Although it is not a part of the formal agenda, most TJC surveys typically include a review of a sample of closed records in addition to the open record review that takes place during tracer activities. There are specific elements that surveyors are evaluating when they review closed records so let’s take a look at those:


Timeliness of Discharge Summaries

Surveyors are evaluating whether discharge summaries have been completed within the timeframe required by TJC and organizational policy (whichever is more stringent.) The TJC timeframe is a maximum of 30 days post discharge for completion of the discharge summary. However, many organizations have established shorter timeframes for completion of discharge summaries. As always, TJC will hold you to your own policy.

Survey Readiness Strategy: Track completion of discharge summaries on an ongoing basis as part of your PI program; address timeliness issues as needed.


Content of Discharge Summaries

Remember, the content of the discharge summary is defined by TJC standards. For psychiatric hospitals, discharge summaries must include the following (RC.02.04.01 EP 3):

  • Reason for hospitalization
  • Procedures performed
  • Care, treatment, services provided
  • Patient’s condition and disposition at time of discharge
  • Information provided to patient and family
  • Provisions for follow-up care

The requirements for BH organizations are the same (with minor wording differences.) See RC.02.04.01 EP 3.

Survey Readiness Strategy: Review your format for discharge summaries and make sure it covers all the required elements.


Discharge Instructions

Written discharge instructions are required by both the Hospital and Behavioral Health standards; Hospital: PC.04.01.05 EP 8; BH: CTS.06.02.03 EP 9. Discharge instructions must be written in a manner that the patient/client and family can understand. Discharge instructions should include information about continuing care services that are being recommended.
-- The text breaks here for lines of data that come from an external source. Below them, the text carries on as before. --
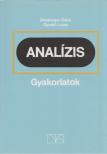 DENKINGER GÉZA, GYURKÓ LAJOS - Analízis gyakorlatok [antikvár]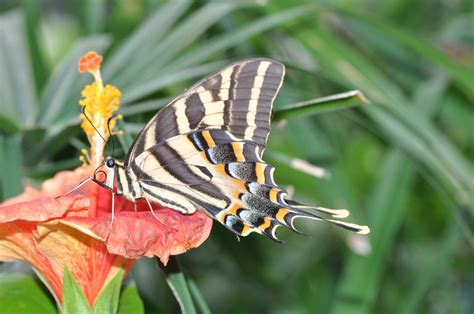 Papilio Pilumnus Mexican Swallowtail Photographed In The Flickr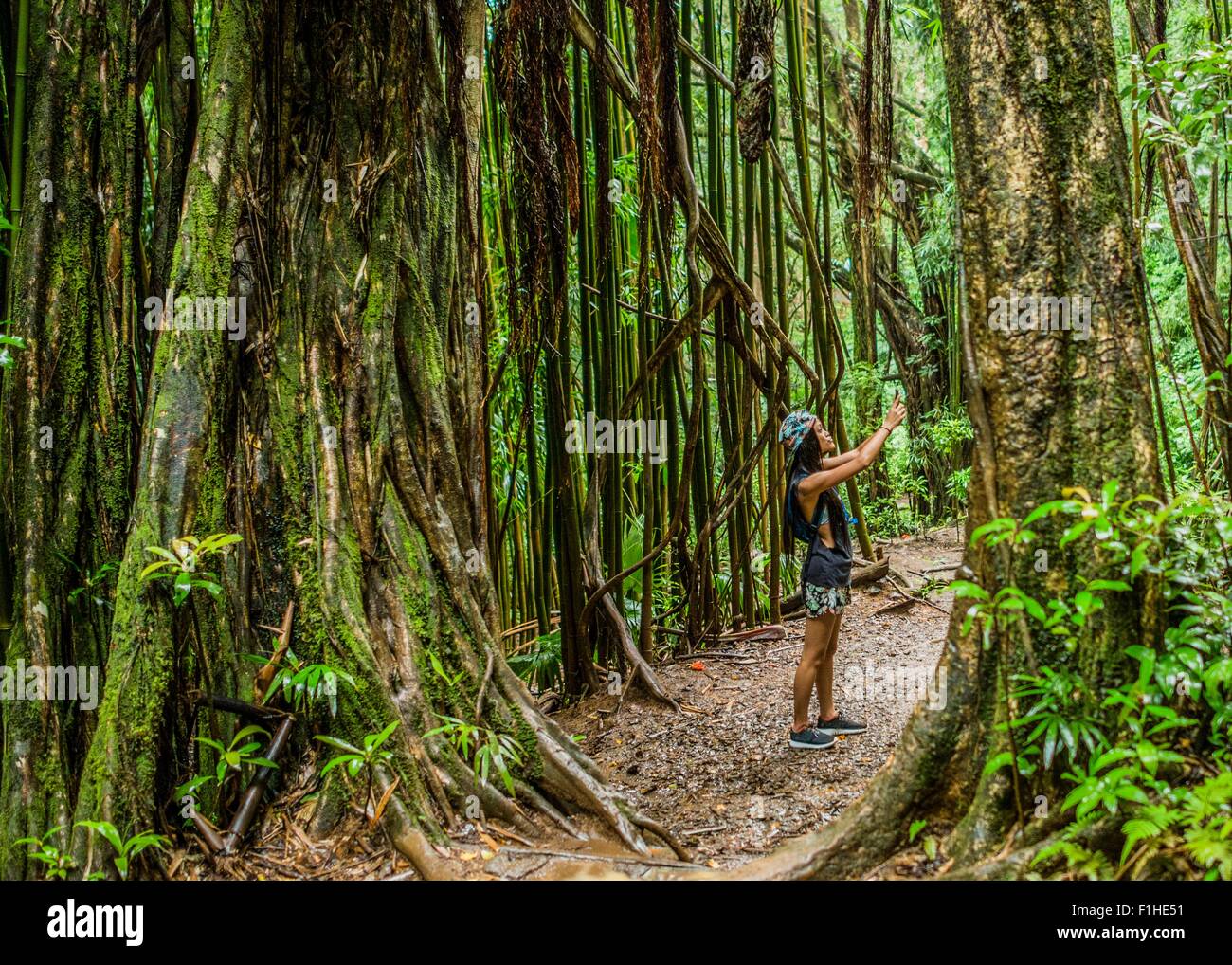 Young female tourist photographing on smartphone in jungle,  Manoa Falls, Oahu, Hawaii, USA Stock Photo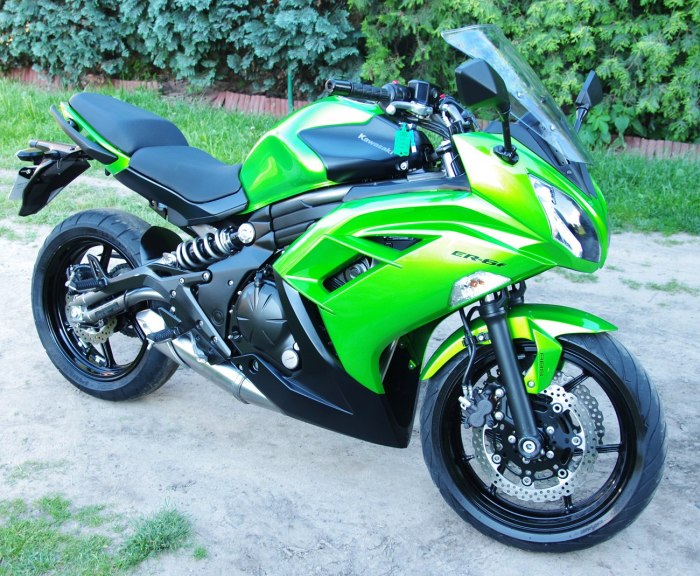 Кавасаки 600 кубов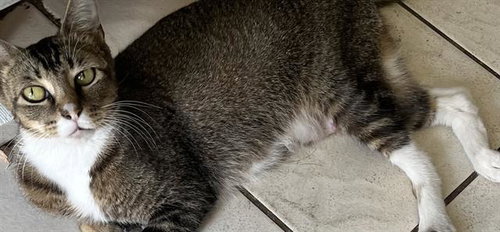 KASANDRA, Adult Domestic Short Hair (medium coat), cat for adoption in Miami Beach, Florida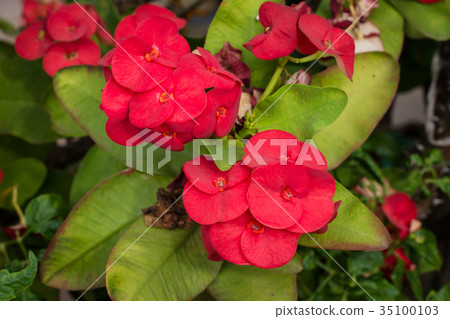The Crown of thorns, Christ Thorn.Desert Rose The Crown of thorns, Christ Thorn.Desert Rose 35100103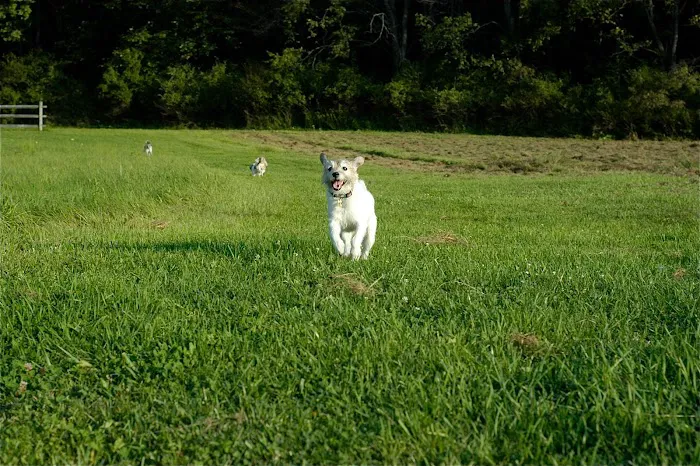 East Aurora Veterinary Hospital 3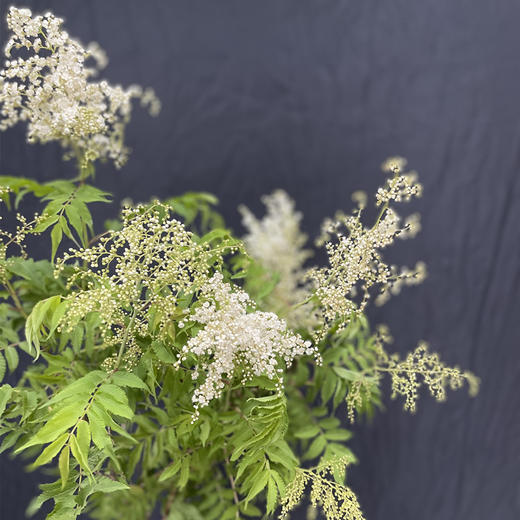 珍珠梅小众花材一扎3支 商品图2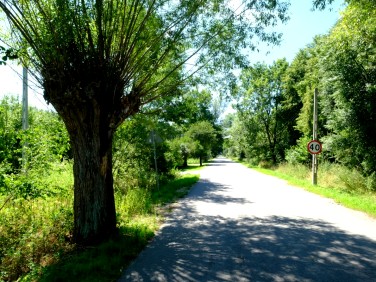 Działka Kampinos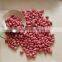 New Crops Red Skin Peanut Kernel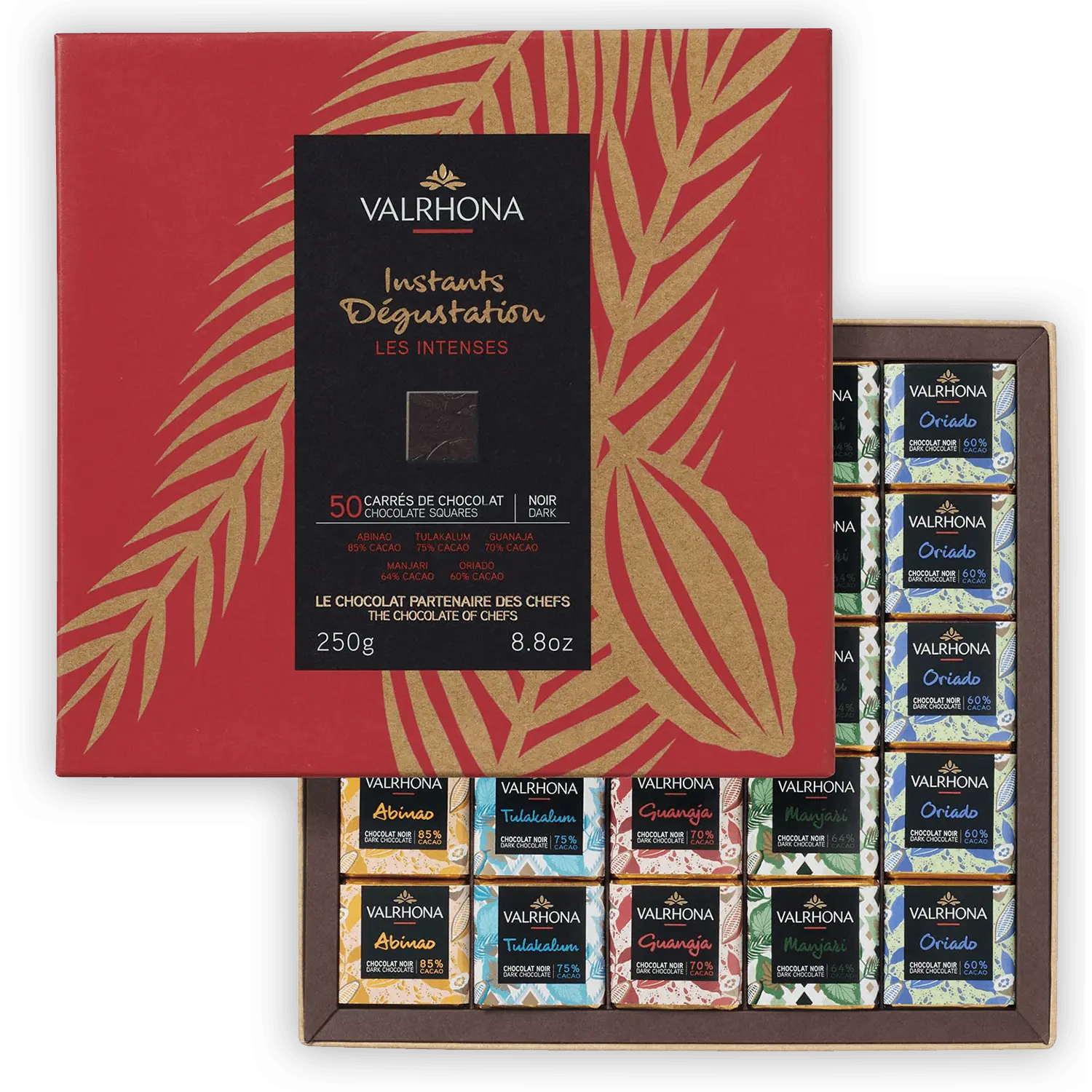 Valrhona Mini Squares Gift Box Dark Grand Crus (50 pcs)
In addition, one of the most important items that must be included in discharge instructions is information on medications that the individual should take after discharge. These medication instructions must be written in plain language (not medical terminology). Thus, terms such as “BID” should not be used but, rather, should be written as “two times per day.” Many psychiatric hospitals have been cited on this issue.

Also, be aware that the National Patient Safety Goal on medication reconciliation (NPSG.03.06.01 EP 4, 5) in both the Hospital and BH manuals requires that the patient/client and family be provided written information on medications to be taken after discharge and that the individual be educated on the importance of managing their medications.

Survey Readiness Strategy: Audit your closed records to ensure that discharge instructions are written appropriately and that there is documentation of education for the patient/client and family.


Discharge Information Shared with Other Providers

When a patient/client is transferred or discharged, TJC requires that pertinent information be shared with other providers who will be treating the individual. For hospitals, this information must include (PC.04.02.01 EP 1):

  • Reason for patient’s discharge or transfer
  • Patient’s’ physical and psychosocial status
  • Summary of care, treatment, services provided
  • Patient’s progress toward goals
  • List of community resource or referrals made or provided to the patient

The requirements for BH organizations are the same (with minor wording differences.) See CTS.06.02.05 EP 1, 2.

In addition, psychiatric hospitals must also comply with the Hospital Based Inpatient Psychiatric Services (HBIPS) measure that requires that a post discharge continuing care plan be created and transmitted to the next level of care provider upon discharge.

Survey Readiness Strategy: Psychiatric hospitals keep close tabs on compliance with this requirement since it’s an HBIPS measure. BH organizations should conduct an audit to evaluate their compliance with sending discharge information to continuing care providers.

In summary, make sure your Joint Commission continuous readiness process includes attention to documentation at time of discharge. Include review of closed records as part of your ongoing medical record review process. Identify gaps in compliance and take action on those before they wind up in your survey report!